An exhibition at Kettle’s Yard showcases the wood engravings of Gwen Raverat, one of the first modern British wood engravers, who played an important part in that technique’s revival in the first half of the 20th century.
A granddaughter of Charles Darwin, Raverat grew up in Cambridge before studying at the Slade School of Art, where her style was influenced by the work of the post-Impressionists. Working independently of other schools of British engraving, she developed an original style, focusing on scenes of rural life reproduced in a painterly manner.
Raverat spent most of her life in Cambridge, and made it the subject of many of her works, including her popular memoir Period Piece – a Cambridge Childhood (1952). This link has now been commemorated with an exhibition in the Ede’s house at Kettle’s Yard, curated by Andrew Nairne and Laura Pryke with the assistance of the Raverat Archive and the Fitzwilliam Museum.
Displayed in Helen Ede’s minimalist former bedroom, the woodcuts are mainly devoted to pastoral scenes of life in Cambridge during the 1920s and ’30s. They all communicate a tremendous feeling of peace, evoking the languorous rhythms of small town life, and Raverat’s distinctive use of dark shading produces an unhurried, muted effect. Apart from a group of men enjoying a game of bowls, the subjects of the prints are mostly landscapes, populated by nothing more active than a herd of cows, or a drift of swans, whose rippling progress under a bridge seems almost frantic in comparison to the other prints.
Raverat’s depiction of water is masterful, managing to evoke fluidity even when working with so immobile a medium as wood. The display also demonstrates the strength and precision of her wood engraving. A dense network of extremely fine, exactingly carved lines are used to trace out the complicated shapes of the plants and foliage seen in many of the woodcuts, such as Poplars in France, perhaps the most technically accomplished of the prints.

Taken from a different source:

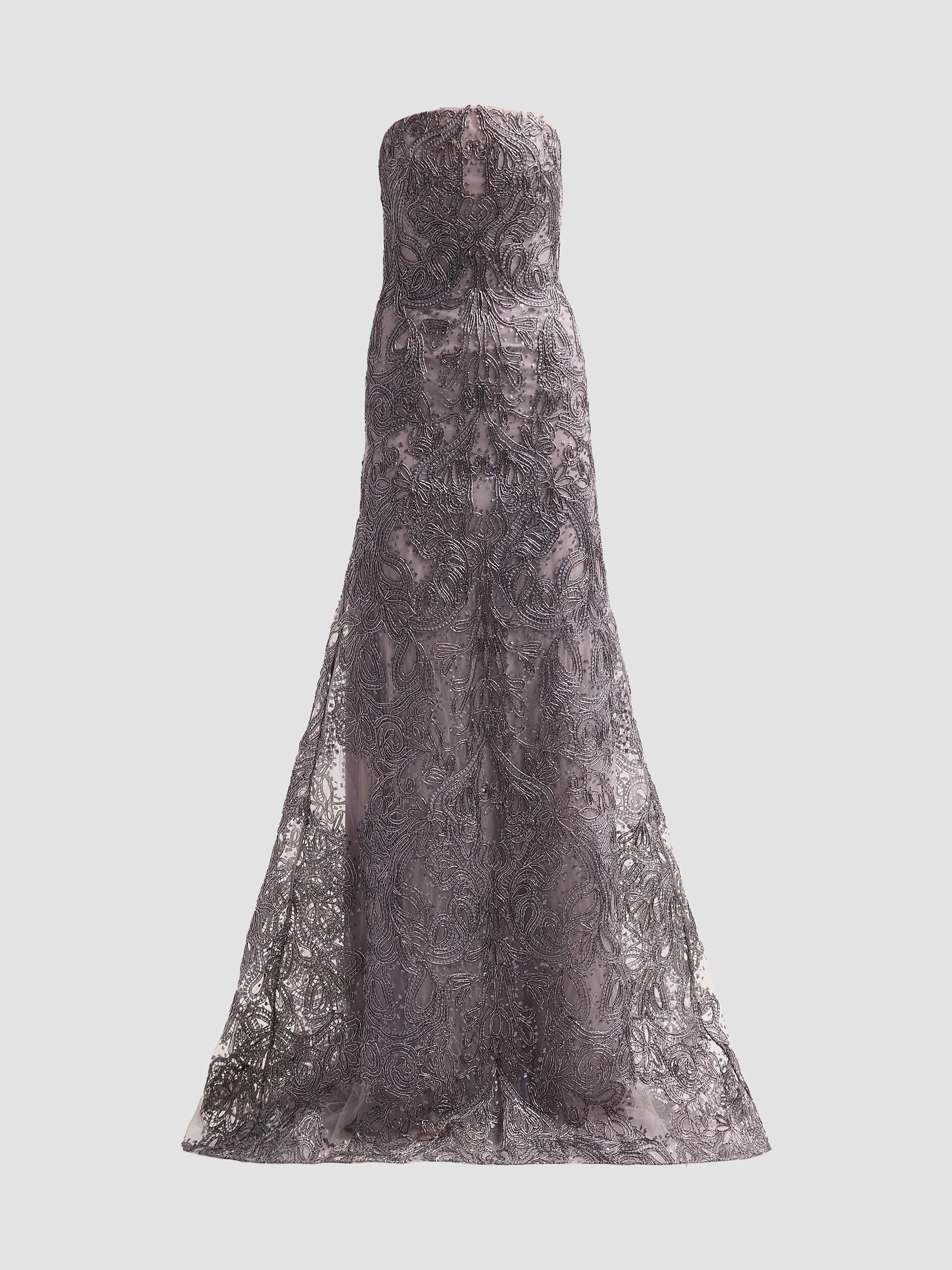 zuhair murad grey lace dress Embellished Hearts Illusion A-Line Gown haute couture zuhair murad dresses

This is particularly evident in a small group of figure studies in a cabinet by the door, which also contains one of Raverat’s sketchbooks and a selection of her wood-engraving tools. Two of the prints – Wood Nymphs (1910), and Sleepers (1927) – depict the Raverats’ nanny, Babette Giroux, clad in flowing drapery reminiscent of a classical statue, each fold reproduced in high detail.
The prints are nicely complemented by their pale surroundings, and the exhibition also provides a welcome opportunity to visit the rest of the house. It’s an interesting modernist space filled with a delightful mixture of paintings, prints and china collected by Jim and Helen Ede, including a portrait of Gwen Raverat drawn in pencil by Elisabeth Vellacott.
Gwen Raverat’s wood engravings are on show at Kettle’s Yard, Cambridge, until 23 November.